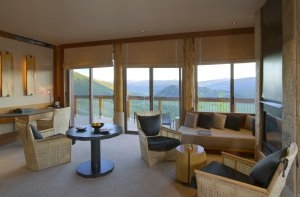 großer Wohnraum mit vielen tiefen Fenstern und Blick in die Natur einer Spring Gulch Suite im Aman Amangani Luxusresort Wyoming USA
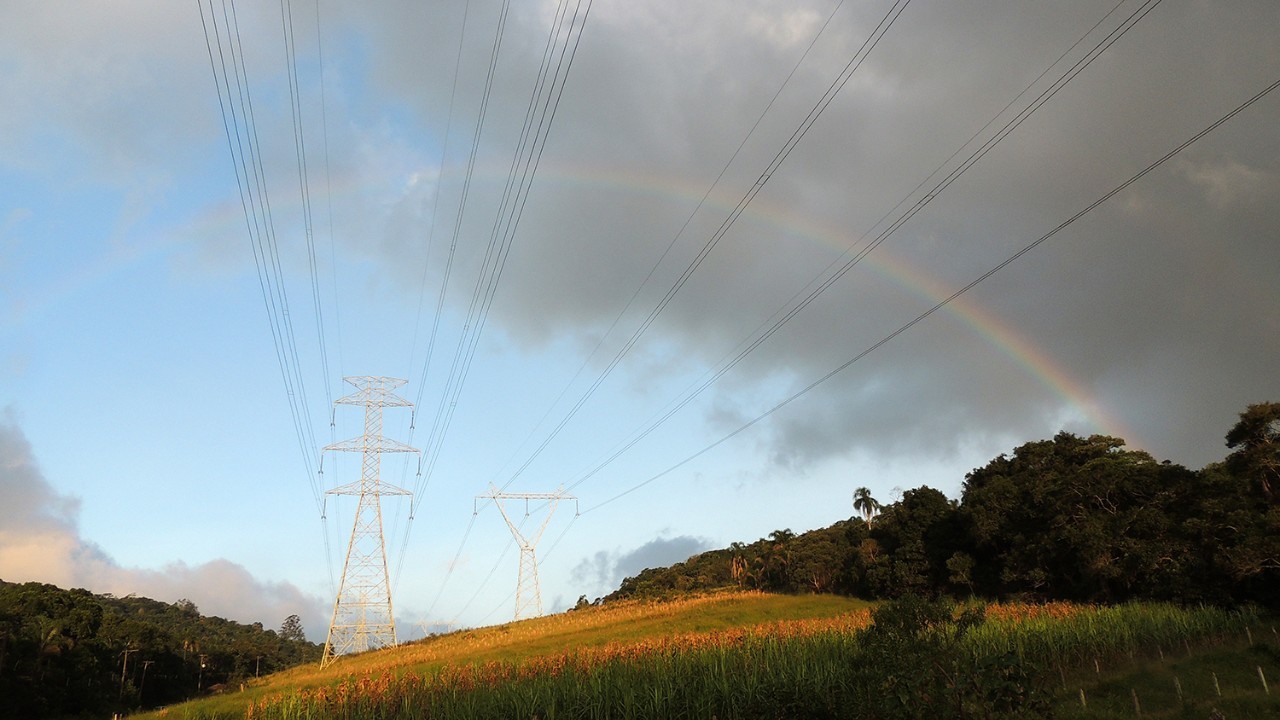 Transmission Towers across a field with rainbow in background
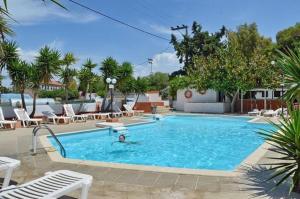 a person swimming in a large swimming pool at Miranta Hotel - Apartments & Studios in Aegina Town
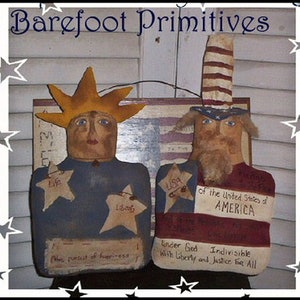 May include: Two folk art figures, one with a star-shaped crown and the other with a striped hat. The figures are painted with patriotic themes, including the text "USA" and "of the United States of AMERICA". The words "Barefoot Primitives" are at the top.
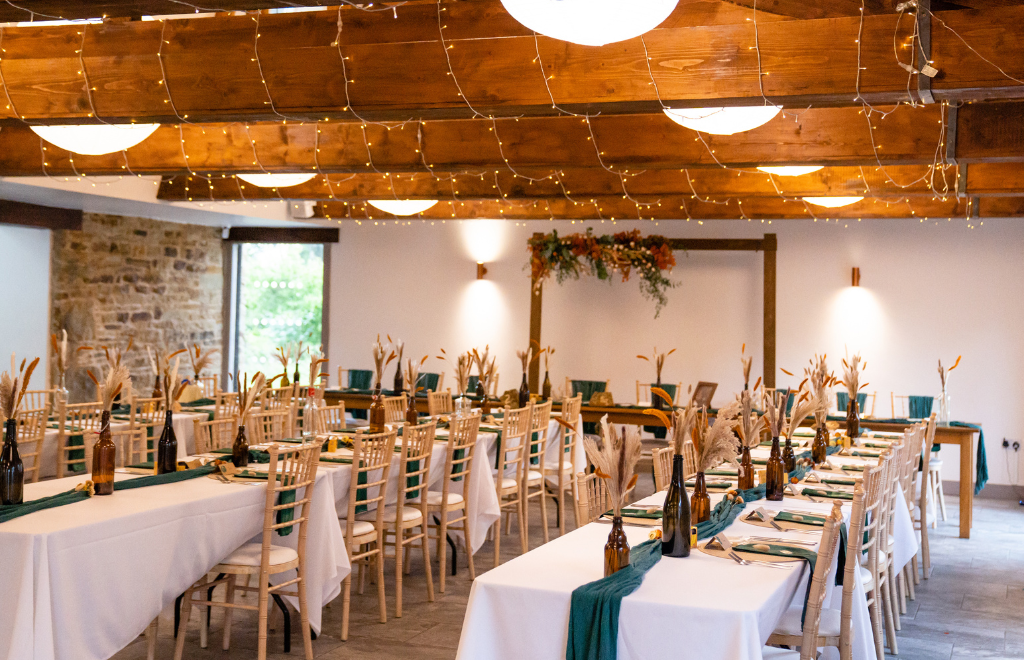 Tables set up for a wedding reception inside Sheffield venue Manor Oaks House.
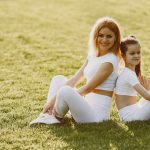 A mother and daughter sit back to back in matching activewear on a sunny grass field, enjoying a summer day together.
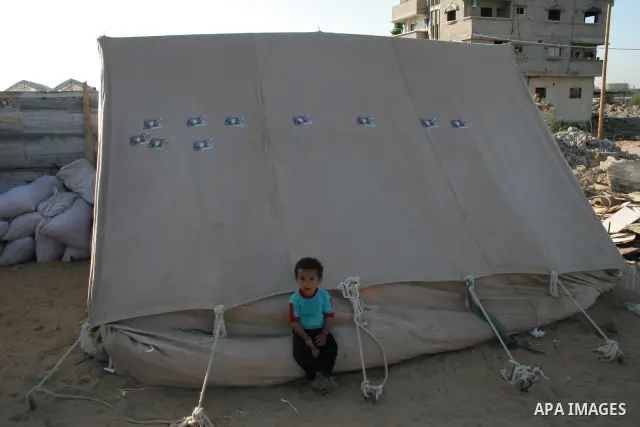 Palestinian girl stands in a makeshift hut after her family's house was destroyed during Israel's offensive in the Gaza Strip earlier this year, in al-Zaitoun neighbourhood of Gaza City on June 2, 2009. Twenty-nine membe...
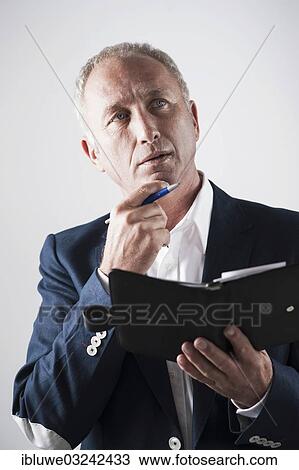 Stock Image - "Businessman holding an appointment calendar, Mannheim, Baden-Wurttemberg, Germany, Europe". Fotosearch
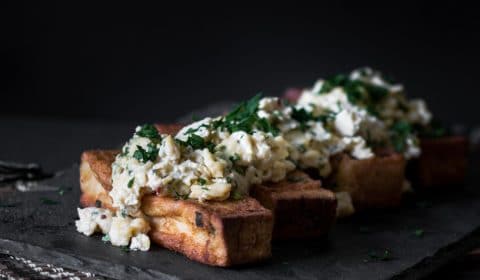 A dark, moody photo of French toast with scrambled eggs served on top.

* [Exercise description]
The data above is to be printed exactly, all of it, except for the pictures.

* [Solution to this problem]
 großer Wohnraum mit vielen tiefen Fenstern und Blick in die Natur einer Spring Gulch Suite im Aman Amangani Luxusresort Wyoming USA
 Transmission Towers across a field with rainbow in background
 a person swimming in a large swimming pool at Miranta Hotel - Apartments & Studios in Aegina Town
 May include: Two folk art figures, one with a star-shaped crown and the other with a striped hat. The figures are painted with patriotic themes, including the text "USA" and "of the United States of AMERICA". The words "Barefoot Primitives" are at the top.
 Tables set up for a wedding reception inside Sheffield venue Manor Oaks House.
 A mother and daughter sit back to back in matching activewear on a sunny grass field, enjoying a summer day together.
 Palestinian girl stands in a makeshift hut after her family's house was destroyed during Israel's offensive in the Gaza Strip earlier this year, in al-Zaitoun neighbourhood of Gaza City on June 2, 2009. Twenty-nine membe...
 Stock Image - "Businessman holding an appointment calendar, Mannheim, Baden-Wurttemberg, Germany, Europe". Fotosearch
 A dark, moody photo of French toast with scrambled eggs served on top.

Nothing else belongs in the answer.